The Copper Crisper is no air fryer, and neither is it a convection oven, but for an infomercial product, it is pretty darn good. I'm happy with it.



Saturday, December 31, 2016

Happy Hanukkah



Every year I try my hand at potato latkes to help The Bride celebrate Hanukkah, and this was this year's from-scratch baked (rather than fried) attempt.  I filled the kitchen with smoke, but she declared them 'okay.'  I'll try harder next year.  Happy Hanukkah from French Fry Diary!

Friday, December 16, 2016

Random Tater Pic of the Day #256


Pringles around the holidays is always known for their out-there flavors, but sometimes they go a bit far, falling into odd-texture weird taste realm of Jelly Belly.

I'm not the only one who feels this way. Here's a pic of friend and sometime-contributor to French Fry Diary, expressing her concern for Pringles Sugar Cookie Potato Crisps.

Yeah, I think Pixie speaks for all of us. If we want sugar cookies, we'll have sugar cookies, and if we want potato chips, we'll have potato chips, or crisps, as Pringles calls 'em.

Stick to chips/crisps, Pringles.

Tuesday, December 13, 2016

French Fry Diary 726: Palo


One of my favorite treats when on board the Disney Cruise Line is going to one of the fancy restaurants. The first time I was stone cold against it because of the dress code, and I am not one to dress up. I hate it. But I did it for The Bride, because I love her so much. Once I had gone to Palo, the fancy Italian restaurant at the top of all four Disney ships, I was sold. The food is luscious and wonderful, a foodie's dream, even one with a catastrophically picky palate. The staff will adapt for you, and make you what you want. The Bride put that to the test on the most recent visit to Palo on the Disney Fantasy during the latest TCM Classic Cruise. But first, the normal stuff.

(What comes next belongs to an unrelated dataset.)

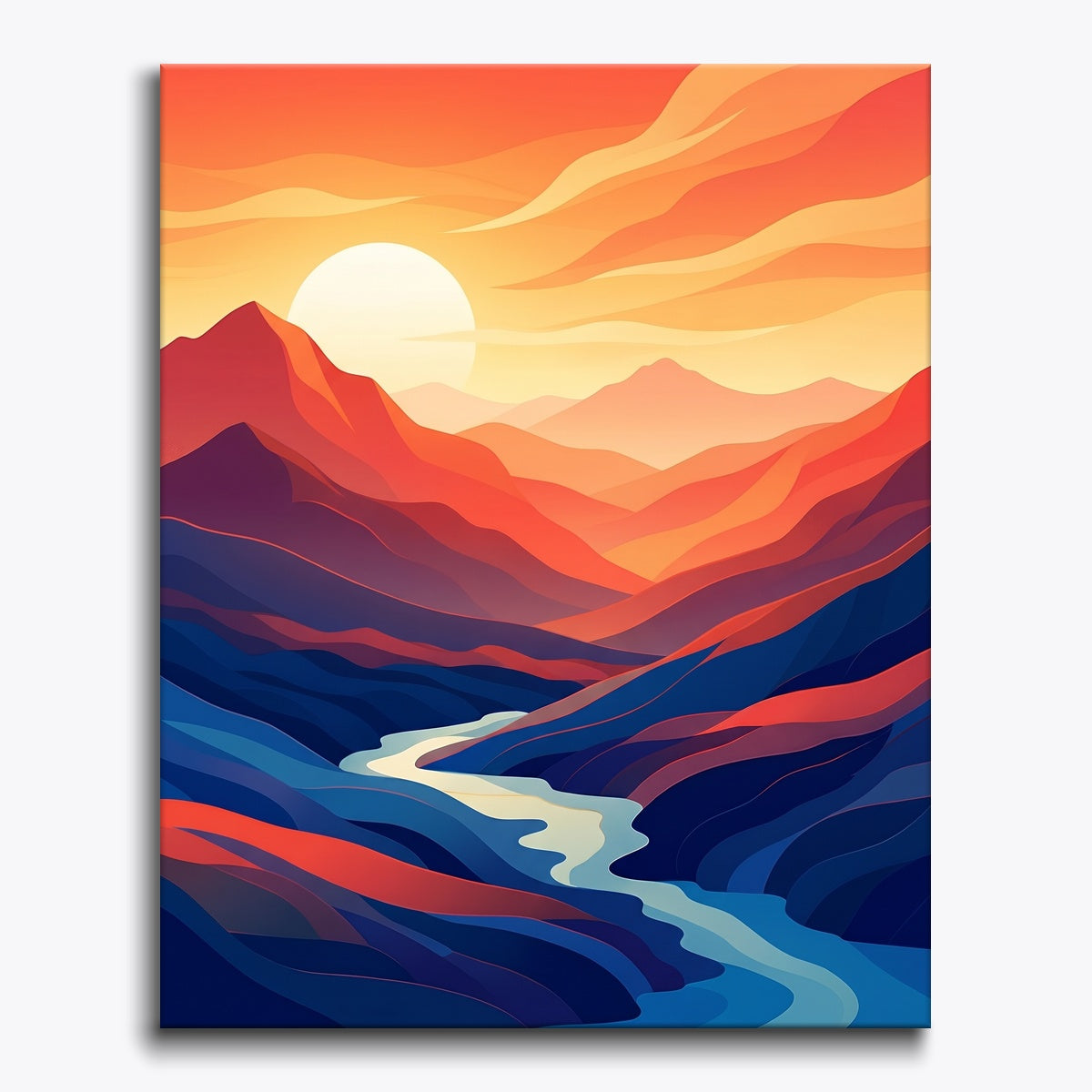 Sunset Mountains Scene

Another tradition I have when on board the Disney Cruises is I always try something new. Sometimes I like it, and sometimes I do not. For instance, arugula, ick, no really, serious ick. This time, at Palo, I tried something suitable for discussion on this blog, something I'm ashamed to admit I have never ever tried before - gnocchi.

This was potato gnocchi (that might seem like a no-brainer, but they do make gnocchi from other stuff), in tomato sauce, with cherry tomatoes grown on the side of a volcano. Even if I didn't like it, it still sounds cool. It was delicious, and I can't wait to try it again, although I suspect it might not live up to that of Palo.

When it came to the main course, I got the beef tenderloin, but asked that they leave off the spinach. Spinach is even higher on my hate list than new contender arugula. The waitress asked if I would like anything else in place of the spinach. The Bride spoke up jokingly, "French fries." After the waitress made a face, trying hard not to break her friendly smile in this fancy-schmancy restaurant, The Bride added, "It's his usual go-to," which was not untrue. Still I was embarrassed, but hoped there would be no spinach.

When my entrée arrived, also placed on the table was a big plate of beautiful, and out of place, natural cut French fries. I was shocked, as was The Bride, and the waitress only said that it was her job to make us happy. The beef was wonderful, and the fries were even better because they were special. And it was hilarious to watch several members of the wait staff come by just to see what kind of idiot had ordered French fries at Palo.

Dinner was fantastic, as always. They even brought us a plate with dessert to help us celebrate our move to Florida. I can't talk about Palo without mentioning the soufflé to die for. If you go, you must not miss it. And of course, this proves an old axiom about Disney customer service - if you want something, just ask, they will do their best to accommodate, no matter what it is. Just ask.